Top of Information given

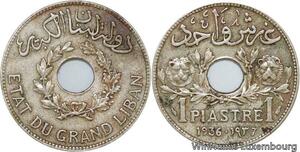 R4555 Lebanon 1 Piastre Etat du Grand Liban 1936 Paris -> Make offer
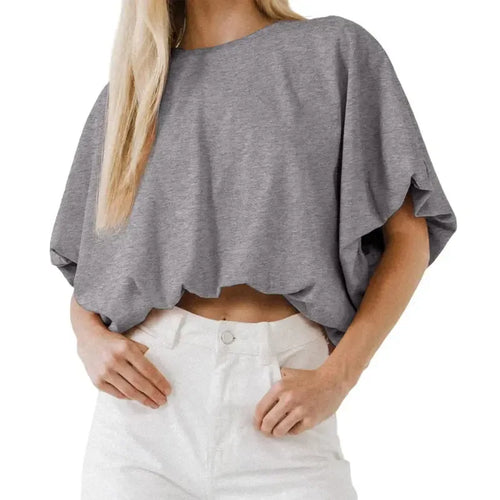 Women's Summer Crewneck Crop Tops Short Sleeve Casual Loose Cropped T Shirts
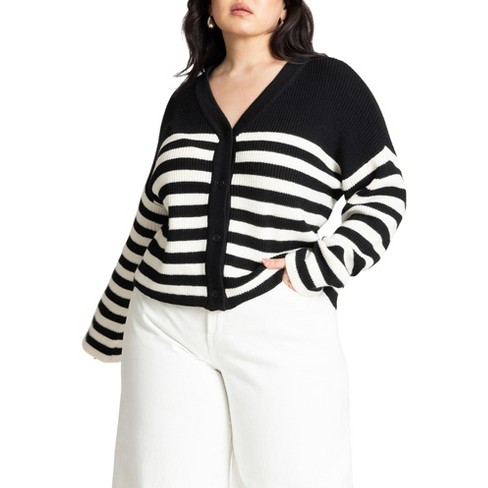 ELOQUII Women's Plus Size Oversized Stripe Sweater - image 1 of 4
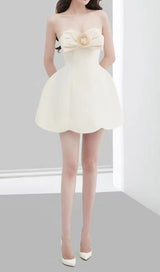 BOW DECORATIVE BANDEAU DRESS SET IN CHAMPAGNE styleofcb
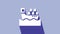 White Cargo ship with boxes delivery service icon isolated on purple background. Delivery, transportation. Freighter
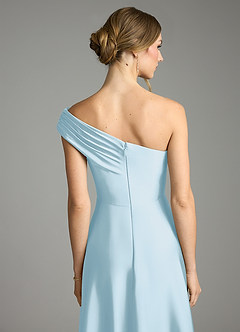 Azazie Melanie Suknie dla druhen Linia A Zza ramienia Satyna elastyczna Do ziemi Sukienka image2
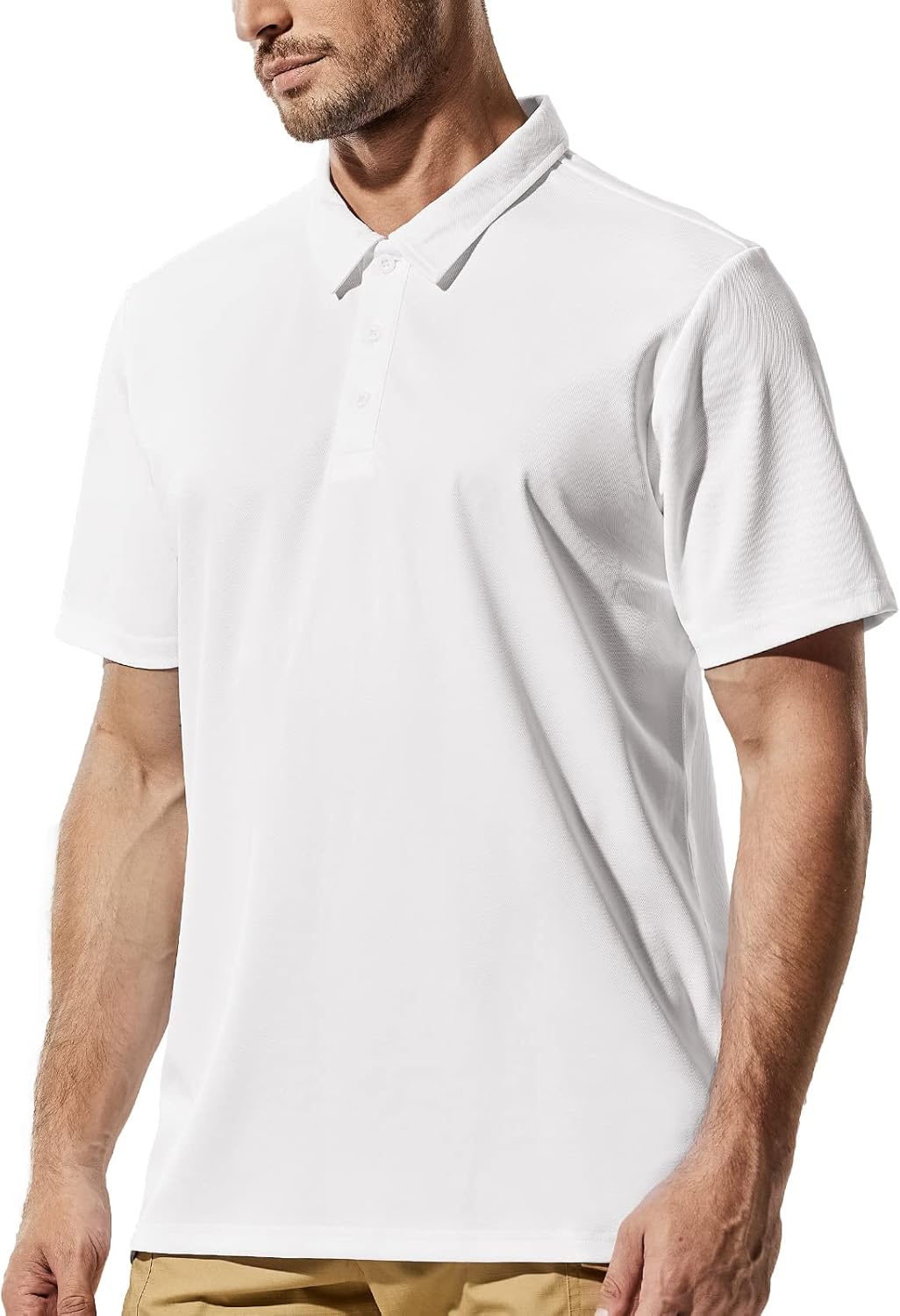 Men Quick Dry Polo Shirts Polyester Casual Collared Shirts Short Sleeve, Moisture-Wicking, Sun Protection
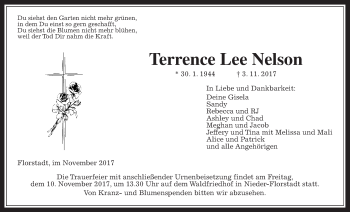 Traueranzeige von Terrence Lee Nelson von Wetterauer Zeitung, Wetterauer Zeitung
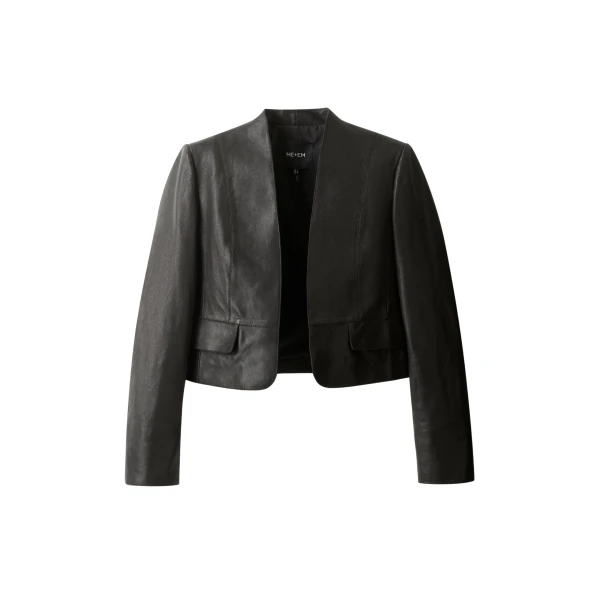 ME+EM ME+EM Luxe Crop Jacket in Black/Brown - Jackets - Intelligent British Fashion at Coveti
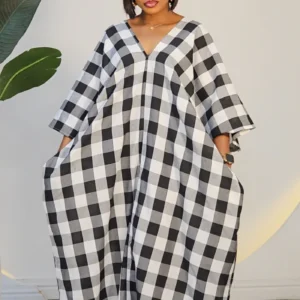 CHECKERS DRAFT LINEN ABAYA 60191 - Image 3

Bottom of Information given

» What this task involves
Beginning with the line that holds "ME+EM ME+EM Luxe", write out exactly the lines down to the end of the material above, and no others. Pictures are not part of the copy.

» Exercise solution
 ME+EM ME+EM Luxe Crop Jacket in Black/Brown - Jackets - Intelligent British Fashion at Coveti
 CHECKERS DRAFT LINEN ABAYA 60191 - Image 3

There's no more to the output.